(Data records)
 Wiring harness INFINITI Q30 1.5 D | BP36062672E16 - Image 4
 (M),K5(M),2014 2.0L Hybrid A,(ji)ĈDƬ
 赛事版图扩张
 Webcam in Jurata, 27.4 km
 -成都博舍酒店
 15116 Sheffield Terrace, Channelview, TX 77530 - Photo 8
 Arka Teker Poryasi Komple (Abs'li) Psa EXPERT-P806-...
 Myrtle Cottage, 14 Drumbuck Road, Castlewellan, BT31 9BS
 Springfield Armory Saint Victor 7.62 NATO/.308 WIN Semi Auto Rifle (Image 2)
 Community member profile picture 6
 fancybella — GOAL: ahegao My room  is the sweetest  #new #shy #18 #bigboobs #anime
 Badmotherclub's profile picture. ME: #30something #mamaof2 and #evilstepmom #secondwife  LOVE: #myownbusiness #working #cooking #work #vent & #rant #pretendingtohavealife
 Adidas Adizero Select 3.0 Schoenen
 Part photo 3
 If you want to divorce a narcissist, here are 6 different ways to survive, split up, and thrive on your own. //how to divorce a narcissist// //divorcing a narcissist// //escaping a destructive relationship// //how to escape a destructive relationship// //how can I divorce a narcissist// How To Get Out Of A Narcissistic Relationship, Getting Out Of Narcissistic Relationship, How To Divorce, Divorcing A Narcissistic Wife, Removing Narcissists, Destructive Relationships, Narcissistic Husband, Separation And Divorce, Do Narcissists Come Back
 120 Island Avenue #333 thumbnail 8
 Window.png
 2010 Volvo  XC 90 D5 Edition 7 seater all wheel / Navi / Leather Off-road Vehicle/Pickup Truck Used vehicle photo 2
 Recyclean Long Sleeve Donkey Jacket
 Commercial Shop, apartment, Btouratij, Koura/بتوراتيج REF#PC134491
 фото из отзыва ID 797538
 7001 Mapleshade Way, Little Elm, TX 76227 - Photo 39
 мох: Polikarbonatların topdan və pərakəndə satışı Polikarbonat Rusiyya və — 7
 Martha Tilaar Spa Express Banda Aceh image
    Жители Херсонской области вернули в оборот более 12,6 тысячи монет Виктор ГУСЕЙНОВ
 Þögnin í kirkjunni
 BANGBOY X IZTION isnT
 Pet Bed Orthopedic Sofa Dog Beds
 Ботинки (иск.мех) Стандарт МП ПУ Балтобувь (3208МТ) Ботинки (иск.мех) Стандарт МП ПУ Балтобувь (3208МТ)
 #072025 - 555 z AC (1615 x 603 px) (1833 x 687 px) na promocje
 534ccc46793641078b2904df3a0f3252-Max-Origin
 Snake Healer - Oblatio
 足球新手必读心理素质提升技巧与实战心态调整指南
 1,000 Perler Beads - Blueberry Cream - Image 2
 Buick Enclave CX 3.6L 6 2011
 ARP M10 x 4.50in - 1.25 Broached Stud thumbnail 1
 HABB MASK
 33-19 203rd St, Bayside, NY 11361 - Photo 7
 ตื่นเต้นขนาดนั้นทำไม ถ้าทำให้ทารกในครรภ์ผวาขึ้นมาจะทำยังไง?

Exercise description
Using the records above, restate word for word the lines from the one with "Ботинки (иск.мех) Стандарт МП ПУ Балтобувь (3208МТ) Ботинки" through the one with "1,000 Perler Beads", both included.

Exercise result
 Ботинки (иск.мех) Стандарт МП ПУ Балтобувь (3208МТ) Ботинки (иск.мех) Стандарт МП ПУ Балтобувь (3208МТ)
 #072025 - 555 z AC (1615 x 603 px) (1833 x 687 px) na promocje
 534ccc46793641078b2904df3a0f3252-Max-Origin
 Snake Healer - Oblatio
 足球新手必读心理素质提升技巧与实战心态调整指南
 1,000 Perler Beads - Blueberry Cream - Image 2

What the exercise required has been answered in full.